Receptors of the otolithic apparatus are excited by accelerating or decelerating rectilinear movements. The receptors of the semicircular canals are irritated by accelerated or slow rotational movements due to the movement of the endolymph. Excitation of the receptors of the vestibular apparatus is accompanied by a number of reflex reactions: a change in muscle tone, contributing to the straightening of the body and maintaining the posture. Impulses from the receptors of the vestibular apparatus through the vestibular nerve enter the central nervous system. The vestibular analyzer is connected to the cerebellum, which regulates its activity.

Conductive pathways of the vestibular apparatus. the path of the statokinetic apparatus carries out the transmission of impulses when the position of the head and body changes, participating together with other analyzers in the orientation reactions of the body relative to the surrounding space. The first neuron of the statokinetic apparatus is located in the vestibular ganglion, which lies at the bottom of the internal auditory canal. The dendrites of the bipolar cells of the vestibular ganglion form the vestibular nerve, formed by 6 branches: superior, inferior, lateral, and posterior ampullar, utricular, and saccular. They contact the sensitive cells of the auditory spots and scallops located in the ampullae of the semicircular canals, in the sac and uterine vestibule of the membranous labyrinth.

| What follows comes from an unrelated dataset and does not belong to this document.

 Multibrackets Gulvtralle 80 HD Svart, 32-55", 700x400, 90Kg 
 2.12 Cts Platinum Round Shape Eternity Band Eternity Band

20. Vestibular analyzer. Building a sense of balance. Automatic and conscious control of body balance. Participation of the vestibular apparatus in the regulation of reflexes .

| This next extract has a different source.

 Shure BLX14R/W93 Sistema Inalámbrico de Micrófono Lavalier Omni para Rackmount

The vestibular apparatus performs the functions of perceiving the position of the body in space, maintaining balance. With any change in the position of the head, the receptors of the vestibular apparatus are irritated. The impulses are transmitted to the brain, from which nerve impulses are sent to the skeletal muscles in order to correct body position and movements. The vestibular apparatus consists of two parts: vestibule and semicircular canals, in which the receptors of the statokinetic analyzer are located.